There’s just one problem — the new rules only apply to one hand-picked business.

Williamson County inked a special deal with tech giant Apple on Tuesday morning, after the company announced plans last week to invest $1 billion into a new north Austin campus.

The deal includes an exclusive perk: each year for the next 15 years, the county will send Apple a check refunding 65 percent of their property taxes.

Wouldn’t that be nice, county homeowners?

Unfortunately, the rest of the citizens and businesses in the county don’t get to play by those rules. Williamson County officials are charging their average homeowner nearly $500 more annually in taxes than they did just five years ago.

After county commissioners voted unanimously to approve the new rules, Texas Scorecard asked them if this property tax deal was just for Apple or if all of the businesses and citizens in the county should expect to receive it.

“No, don’t expect it,” said Terry Cook, Precinct 1 Commissioner. “If [other businesses] want to bring in a huge investment, we might consider it.”

“They’re all looked at on an individual basis,” said Precinct 4’s Larry Madsen. “Each one is brought to the county to see what they have to offer and how they can benefit the county.”

“We have certain policies they’d have to qualify for in order to receive them,” said Precinct 3 Commissioner Valerie Covey. “For example, residential would not. Others would have to meet certain criteria as far as jobs and different things. It’s not just anybody. This one is anticipating 4,000 jobs in 15 years and eventually up to 15,000 jobs in the area with a tax base of $1 billion.”
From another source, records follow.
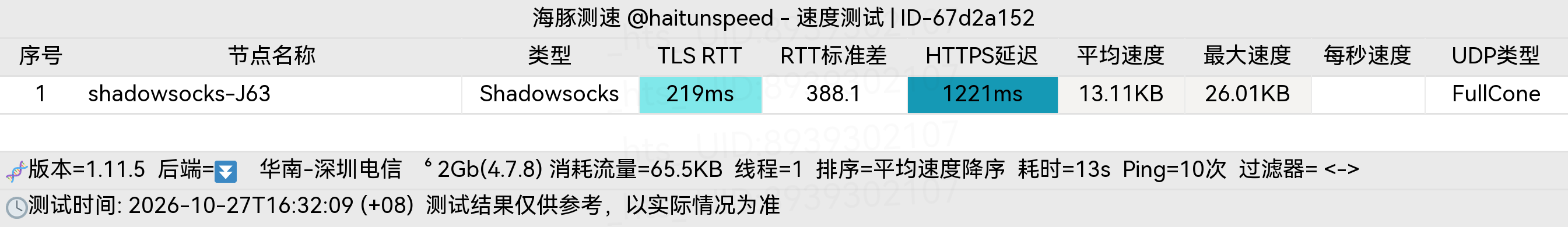 🐬海豚测速|机场评测|后端招募 配图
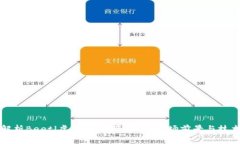 深入解析Beetl虚拟币：投资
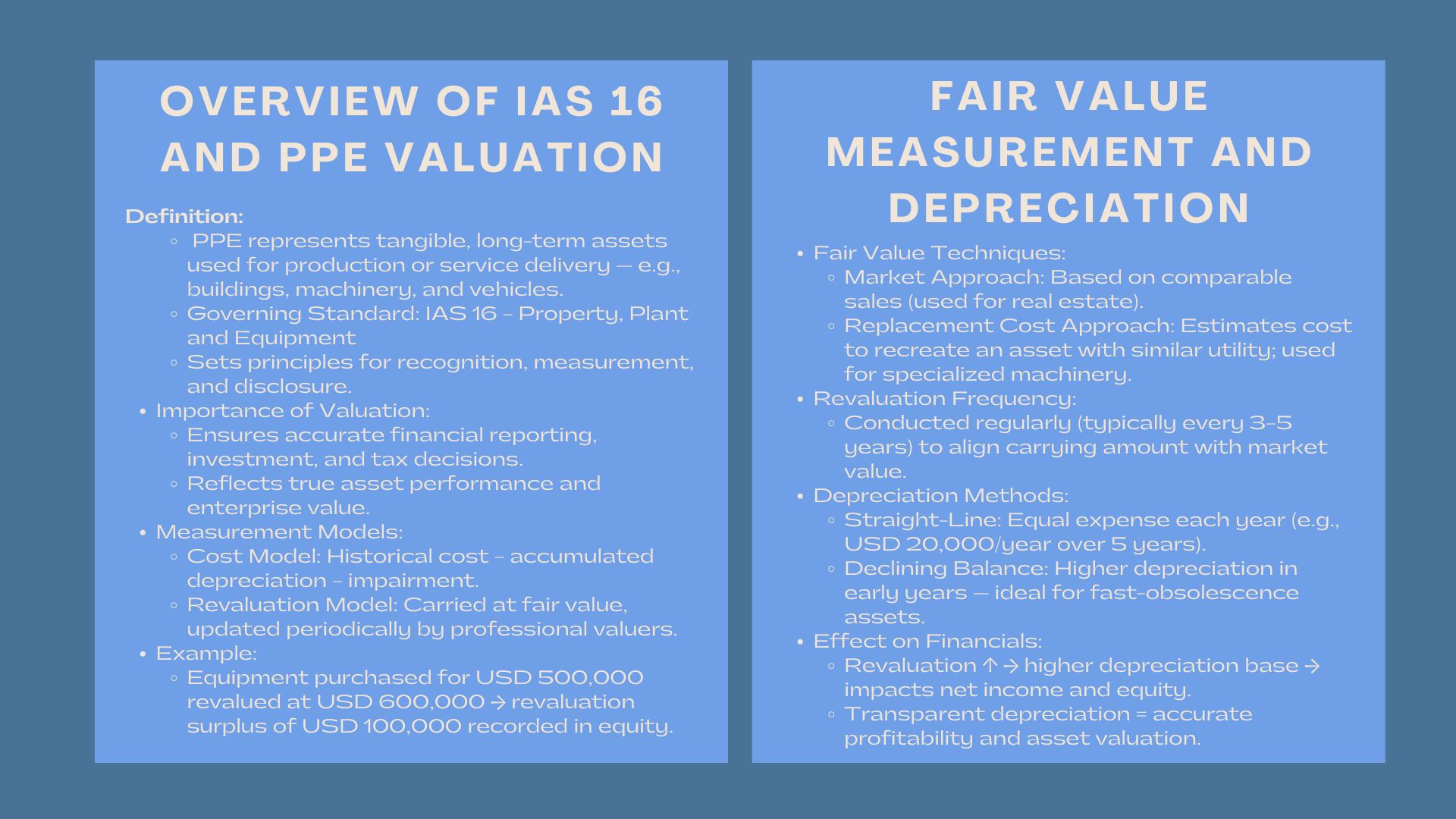 IFRS PPE Asset Valuation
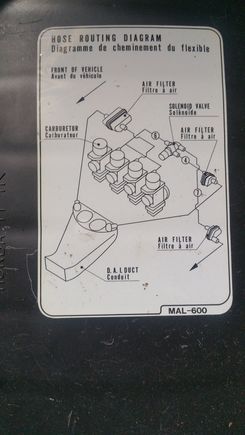 Diagram decal from top of airbox
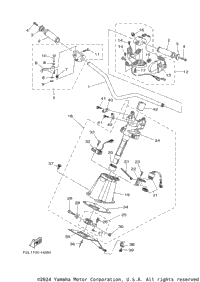Steering 1
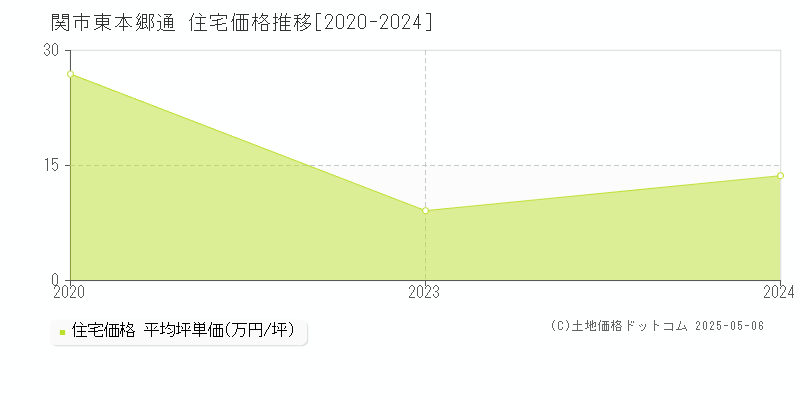 東本郷通(関市)の住宅価格推移グラフ(坪単価)[2020-2024年]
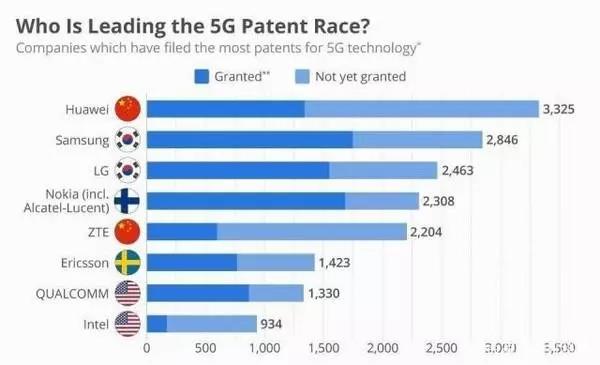 高通CEO谈中国5G发展：中国5G建设方面值得注定！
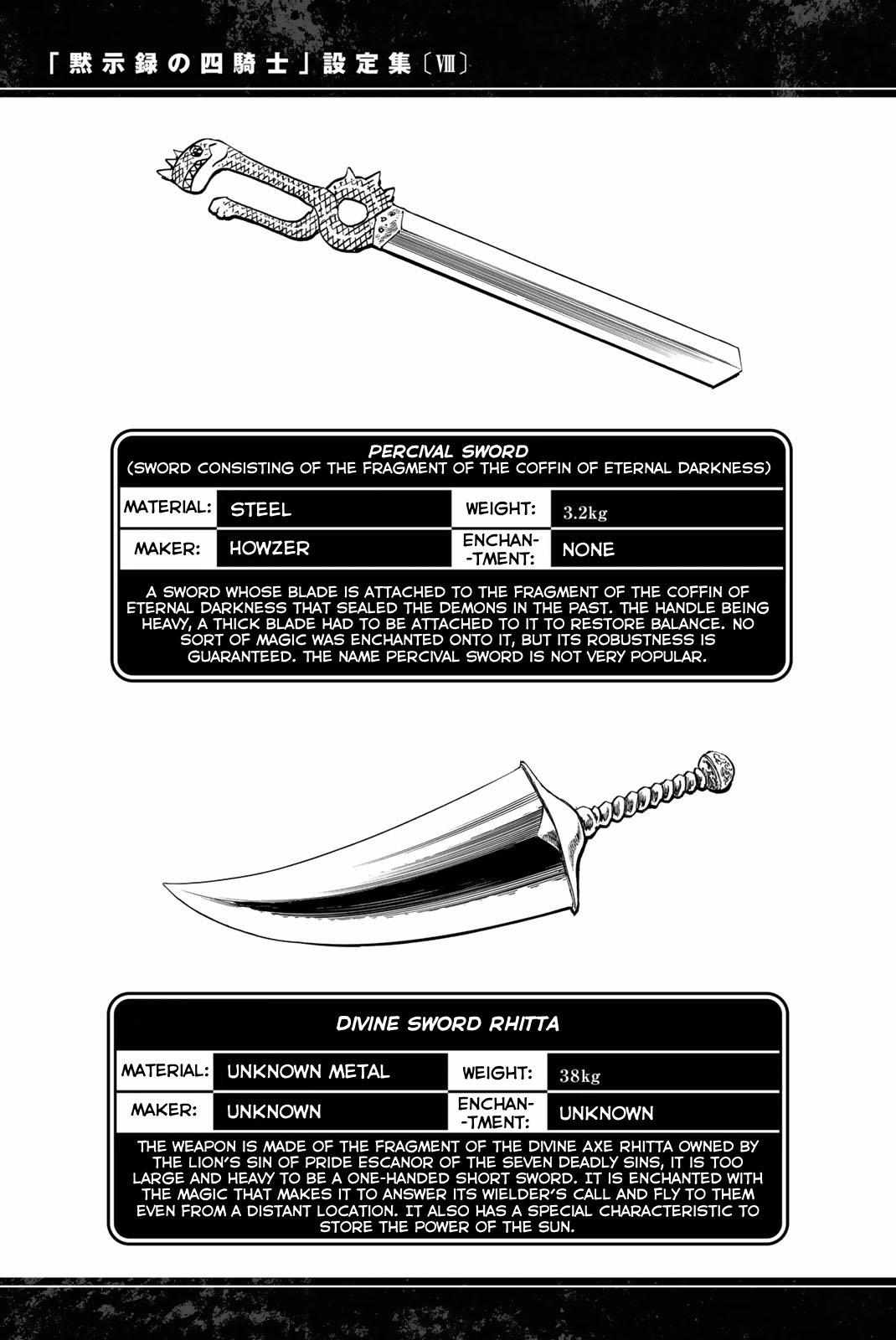 Four Knights Of The Apocalypse - Extra.128.5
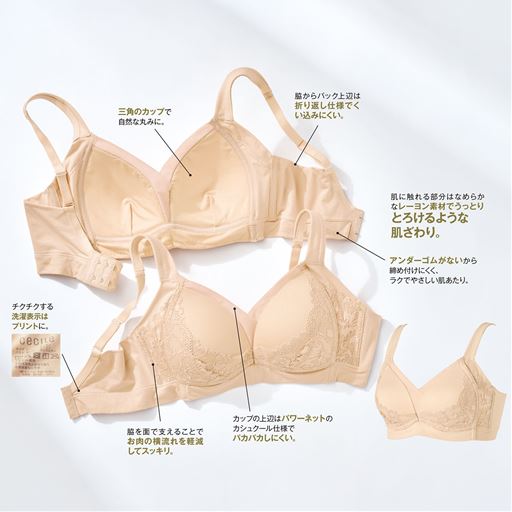 (1)三角のカップで自然な丸みに。(2)脇からバック上辺は折り返し仕様でくい込みにくい。(3)アンダーゴムがないから締め付けにくく、ラクでやさしい肌あたり。(4)カップの上辺はパワーネットのカシュクール仕様でパカパカしにくい。(5)脇を面で支えることでお肉の横流れを軽減してスッキリ。(6)チクチクする洗濯表示はプリントに。
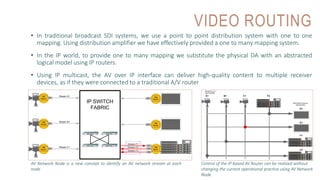 VIDEO ROUTING
• In traditional broadcast SDI systems, we use a point to point distribution system with one to one
mapping....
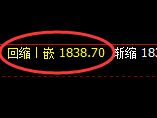 焦煤:4小时结构低点 精准触及并强势拉升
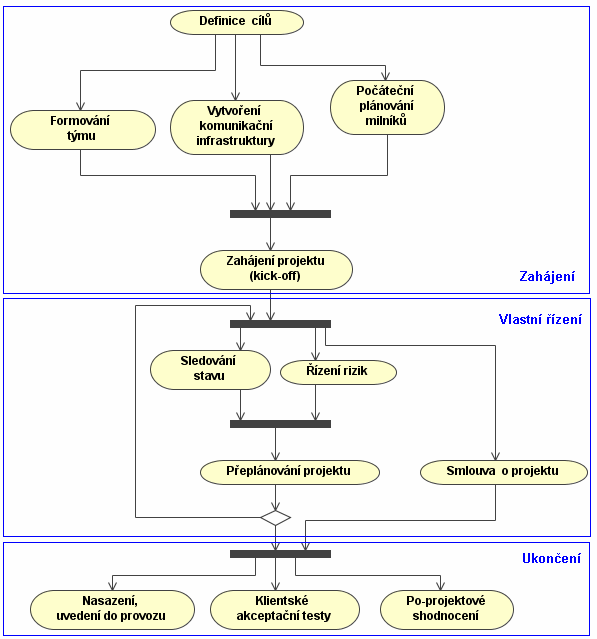 Obr. 7-4: Činnosti a fáze řízení projektů Jak již bylo nastíněno v předchozím textu, lze řídící rovinu projektu rozdělit do několika fází, jak ukazuje předchozí obrázek. Jedná se o tyto fáze: 1.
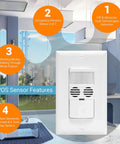 Image of Dual Technology Motion Sensor Light Switch MWOSW With PIR And Ultrasonic Sensing For Accurate Occupancy Detection, showing features 1 to 4 overlayed on product and room background.
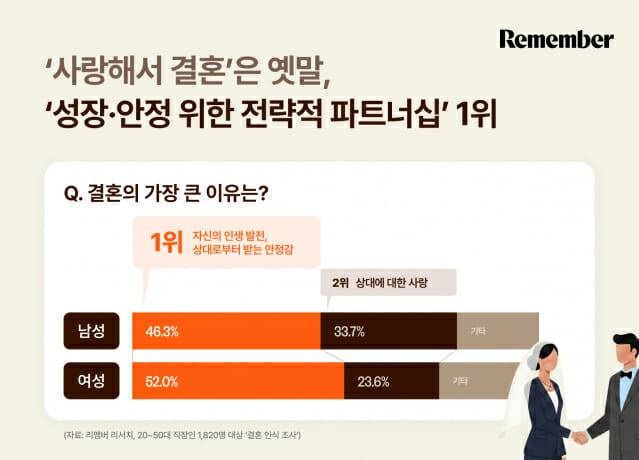 리멤버, 대한민국 직장인 결혼 인식 조사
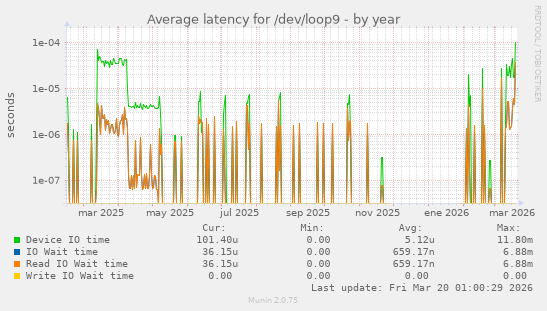 Average latency for /dev/loop9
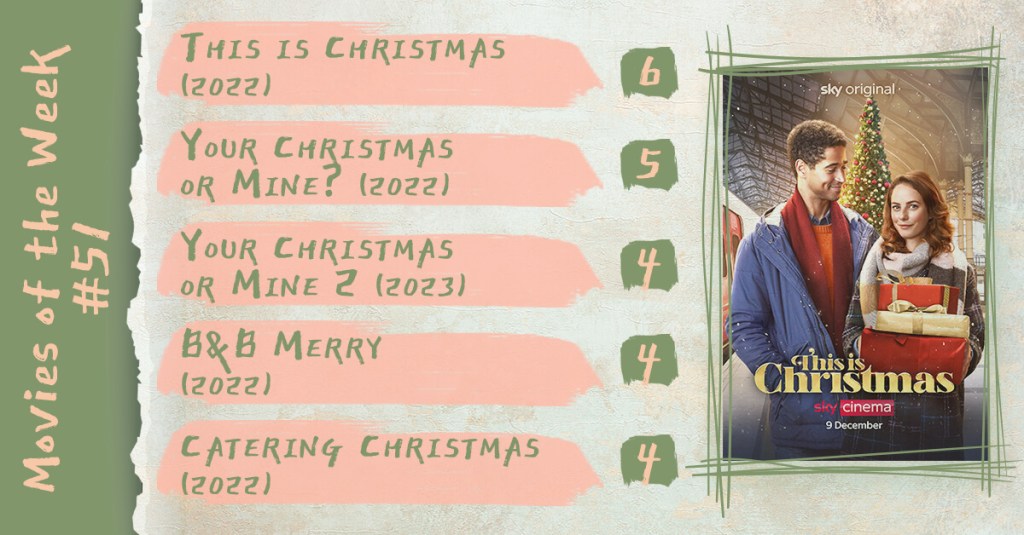 Movies of the Week #51&nbsp;(2023)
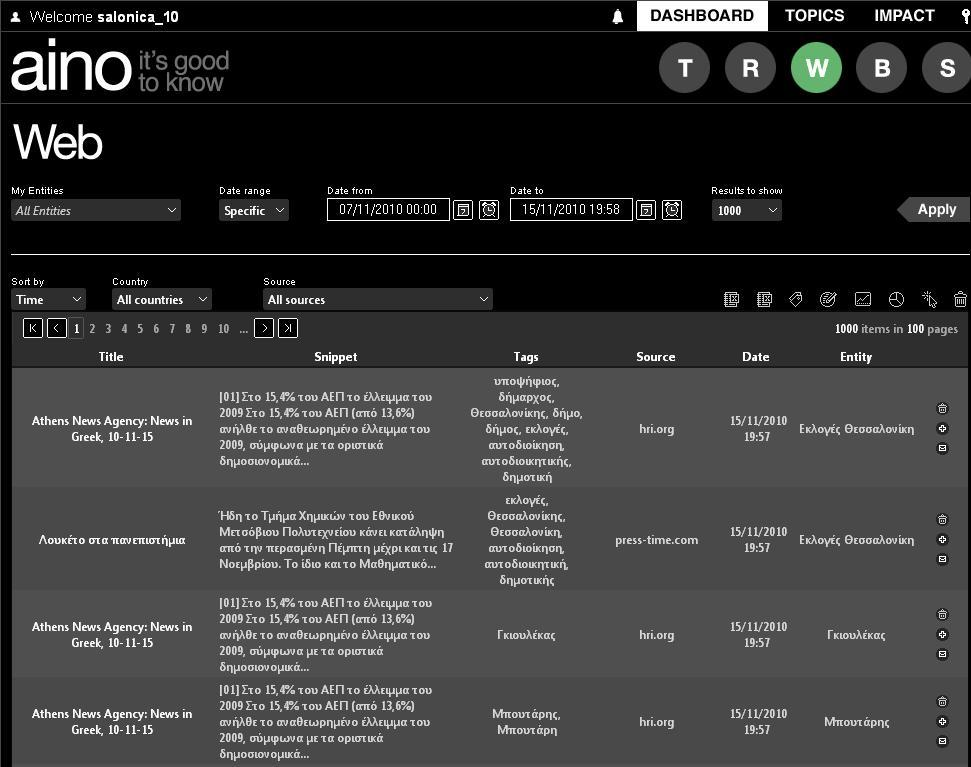 online news & social indexing aino crawls and indexes all major Greek news sites and blogs plus selected information sources from around the world.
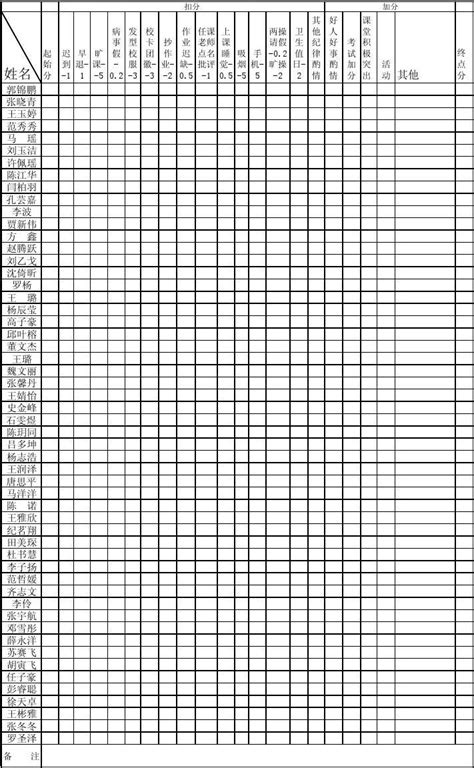 高一10班级管理量化考核细则表_word文档免费下载_文档大全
In other words, if you are a normal homeowner or a small business, don’t expect to play by the same favorable rules as the county’s favorite big corporations.

Imagine a scenario where a Williamson County official approaches a local business — say, the iconic Little Red Wagon Hamburgers — and demands full tax payment, but then walks across the street to McDonald’s and lets them have a massive discount.

Even worse, oftentimes the official will even give the favored business cash bonuses using the cash they just collected from the other business across the street.

Furthermore, aside from the corruption, Williamson County’s deal was completely useless. The special perk will be worth tens of millions over the next 15 years — but this year alone, Apple made $265 billion in total revenue.

That means Williamson County’s total handout will only be worth maybe five one-thousandths (.005) of a percent of what Apple made last year. That’s equivalent to getting a $2 signing bonus on a $50,000 salary. It is insulting to say this perk was necessary or was the deciding factor in bringing Apple to town.

Instead of making special deals with hand-picked people, Williamson County officials could choose justice: lowering taxes for everyone would encourage prosperity across the entire county, not just for their favorite corporation.

“[This deal] is a win for everybody,” said incoming County Judge Bill Gravell. “Williamson County is winning and the people of Williamson County are winning.”